An illustration of the device is depicted in fig. 11, with distal member 14b, with wing member 62 and indicator 50 advanced through the Schlemm tube. As shown in fig. 11, the optional indicator 50 provides a visual indication of the direction of the inferior tip as it is advanced along the Schlemm tube. The arrows in fig. 11 show the superimposed irrigation and aspiration flows. In this non-limiting example, the manner in which the selectable indicator 50 is configured is only one example of the manner in which the selectable indicator may be configured, and all selectable configurations of indicators or direction indicators are intended to be included in this disclosure.

During an internal procedure for forming an opening in the TM of the eye, anterior tip 58 may be inserted through the TM and into the Schlemm's canal below the TM with indicator 50 held above the TM. Foot or distal member 14b or 14c is then advanced through the Schlemm tube with TM tissue cut by edges 56R and 56L in the forward direction of wing member 62.

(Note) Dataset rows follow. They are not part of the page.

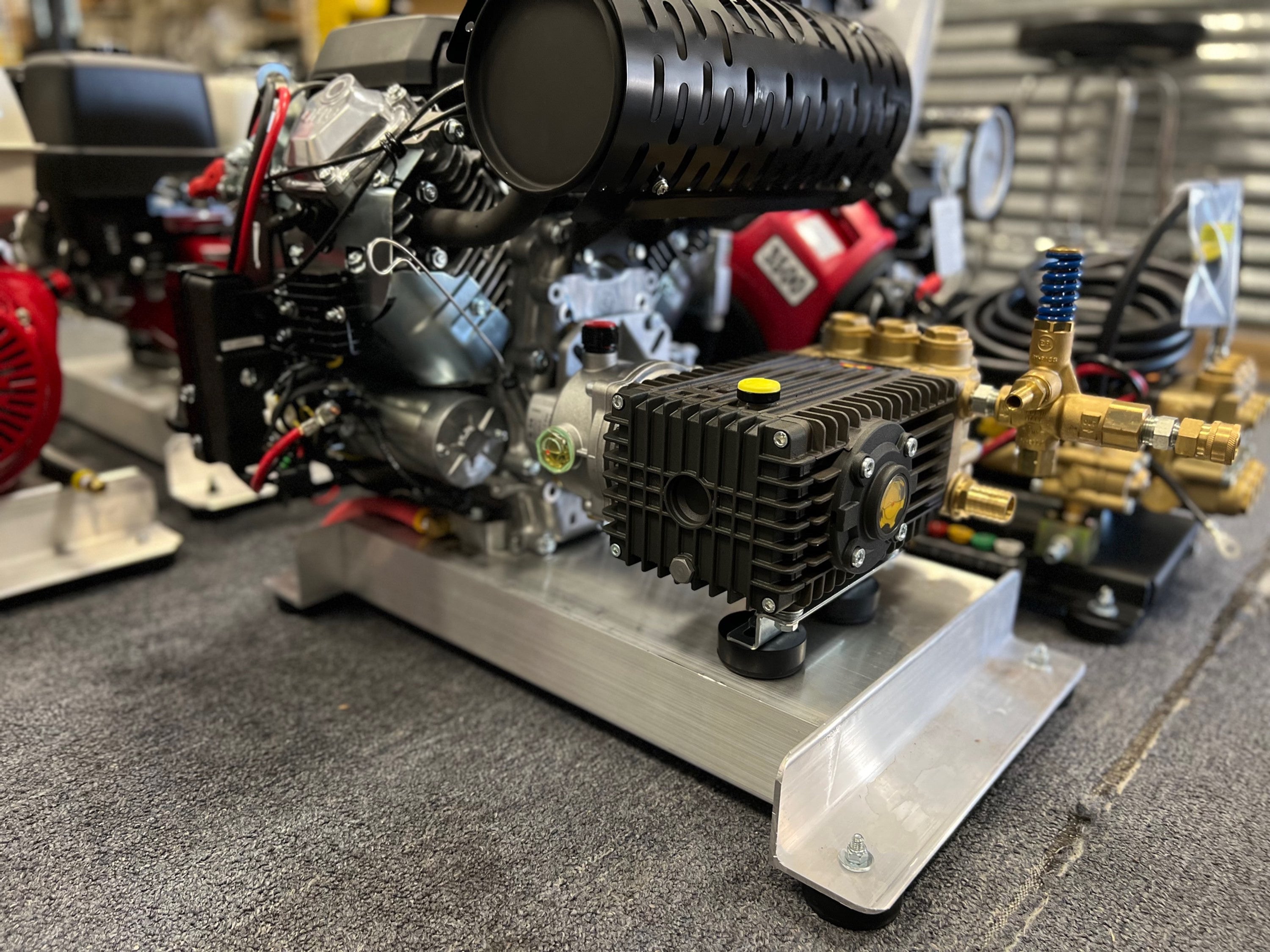 MGD-8040CG: 8GPM at 4000psi Manatee Gear Drive with CRX 750cc MGD-8040CG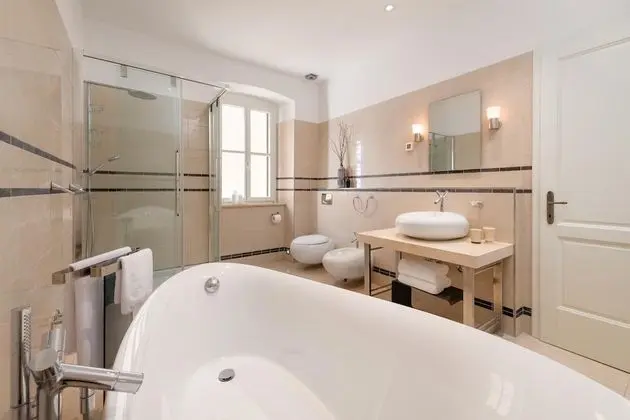 Villa, Sigara İçilebilir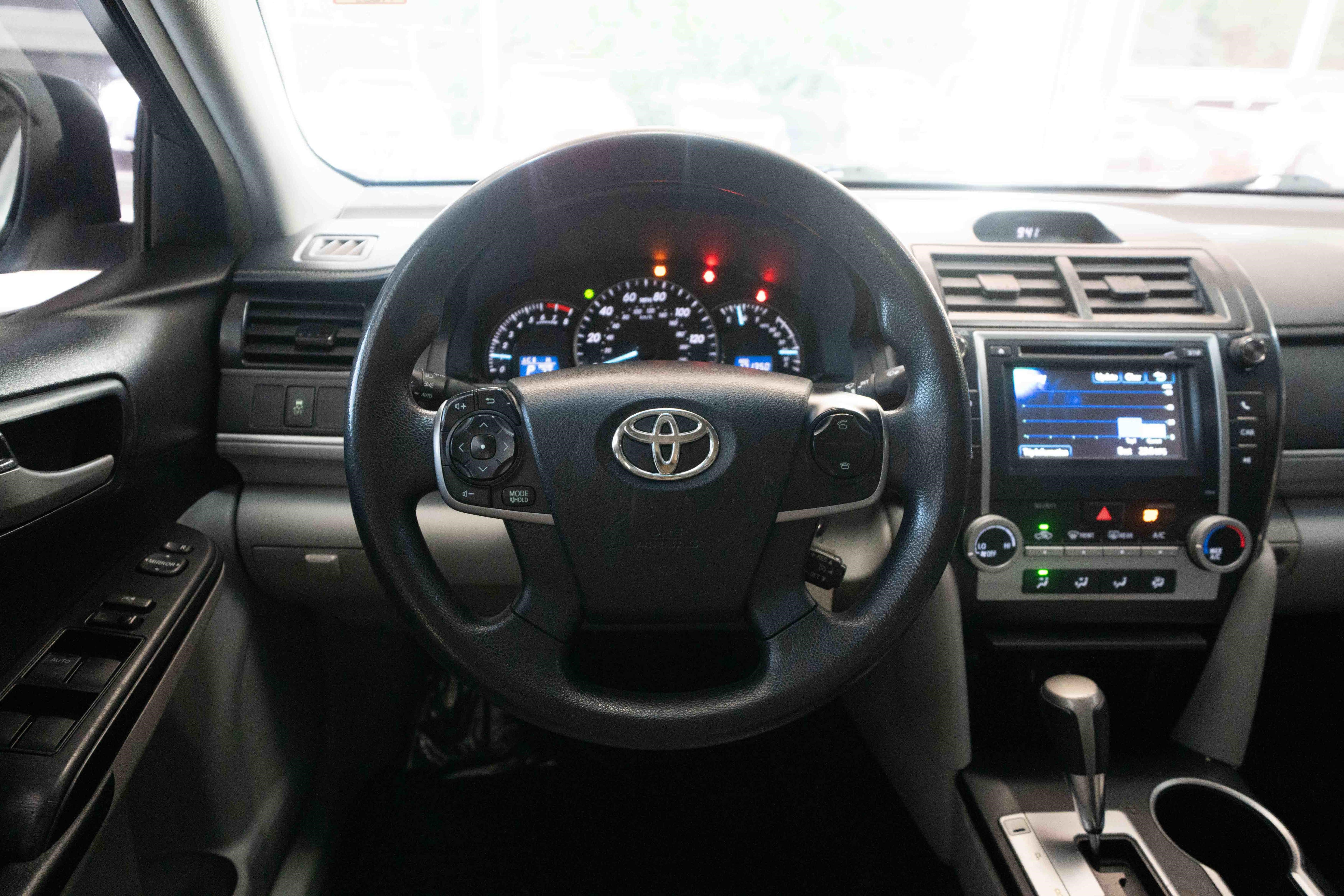 Used 2012 Toyota Camry LE FWD image 21
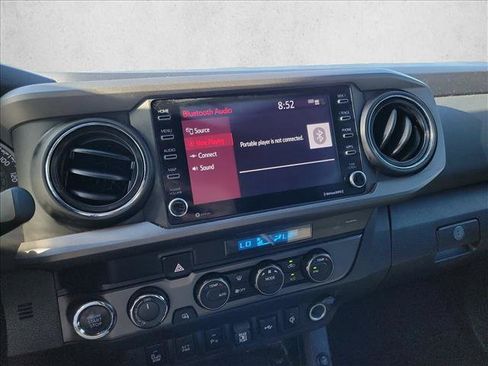 Used 2022 Toyota Tacoma TRD Off-Road w/ Technology Package AWD/4WD image 18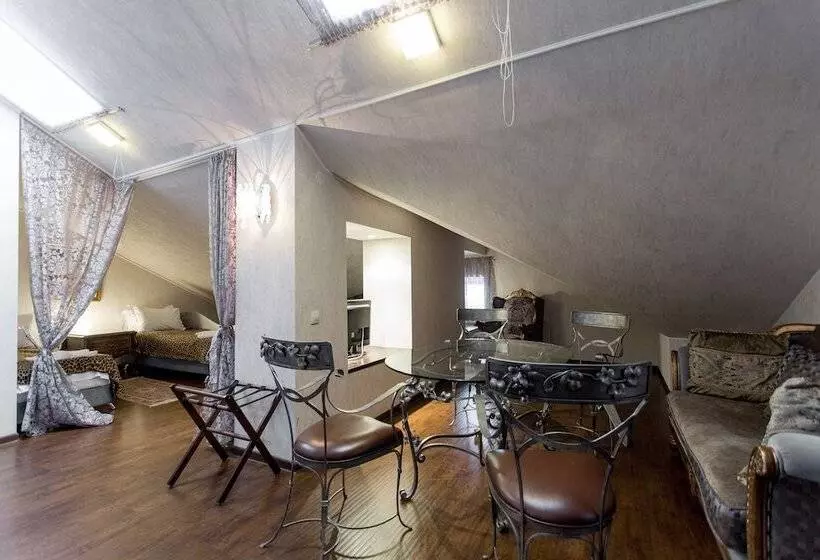 Perhehuone, Art Hotel Nikolaevsky Posad
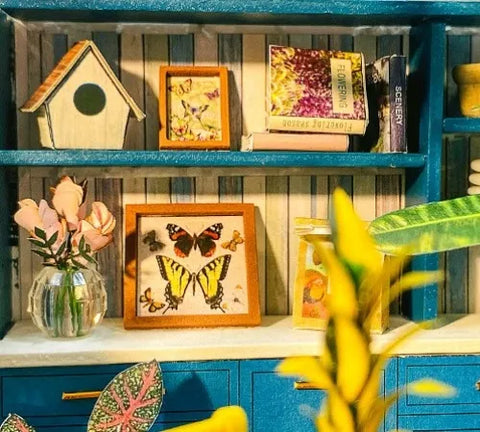 Book Nook - Sunshine Flower House Gesamtansicht mit detaillierter Szenerie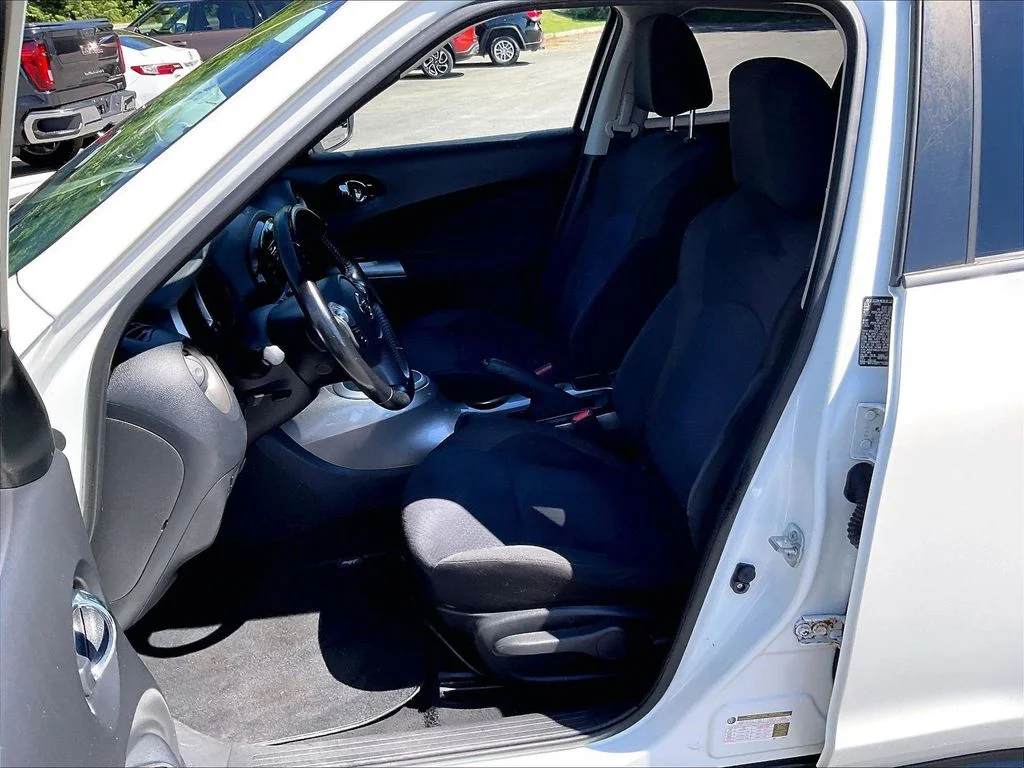 Used 2016 White Nissan SV image 10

It should be understood that while the present invention has been described above with reference to certain examples or embodiments thereof, various additions, deletions, alterations and modifications may be made to those described examples and embodiments without departing from the intended spirit and scope of the invention. For example, any element, step, component, part, ingredient, reactant, part, or portion of one embodiment or example can be incorporated into or used with another embodiment or example, unless otherwise specified or unless the circumstance would render the embodiment or example unsuitable for its intended purpose. Further, where steps of a method or process have been described or listed in a particular order, the order of such steps may be changed unless otherwise specified or unless the case would render the embodiment or example unsuitable for its intended purpose. Additionally, an element, step, component, part, ingredient, reactant, part, or portion of any invention or example described herein can optionally be present or used in the absence or substantial absence of any other element, step, component, ingredient, reactant, part, or portion, unless stated otherwise. All reasonable additions, deletions, modifications and alterations should be considered equivalents of the described examples and embodiments, and are intended to be included within the scope of the appended claims.